- **Input data**
┄┄┄┄┄┄┄┄┄┄

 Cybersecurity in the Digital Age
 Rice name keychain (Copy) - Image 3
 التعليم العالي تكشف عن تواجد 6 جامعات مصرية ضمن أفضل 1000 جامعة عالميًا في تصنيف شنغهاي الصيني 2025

┄┄┄┄┄┄┄┄┄┄

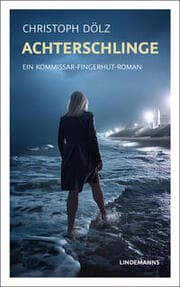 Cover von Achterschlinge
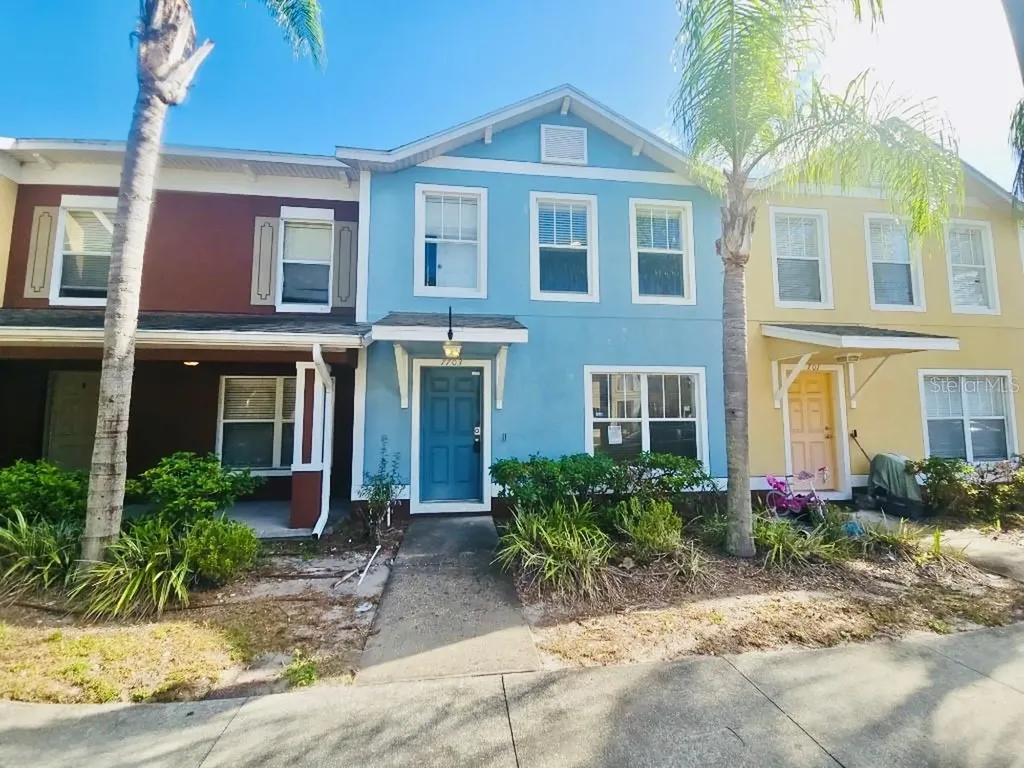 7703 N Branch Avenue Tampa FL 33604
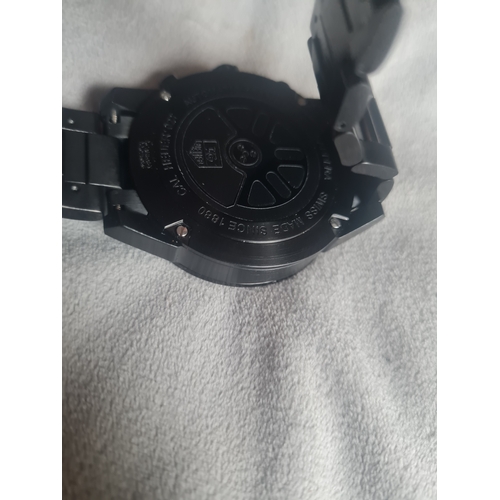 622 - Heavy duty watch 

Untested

┄┄┄┄┄┄┄┄┄┄

- **Task goal**
Restate word for word the lines in the material above from the one with "Cybersecurity in the Digital Age" to the one with "التعليم العالي تكشف"; both of those lines count, and nothing else does.

- **Answer space**
 Cybersecurity in the Digital Age
 Rice name keychain (Copy) - Image 3
 التعليم العالي تكشف عن تواجد 6 جامعات مصرية ضمن أفضل 1000 جامعة عالميًا في تصنيف شنغهاي الصيني 2025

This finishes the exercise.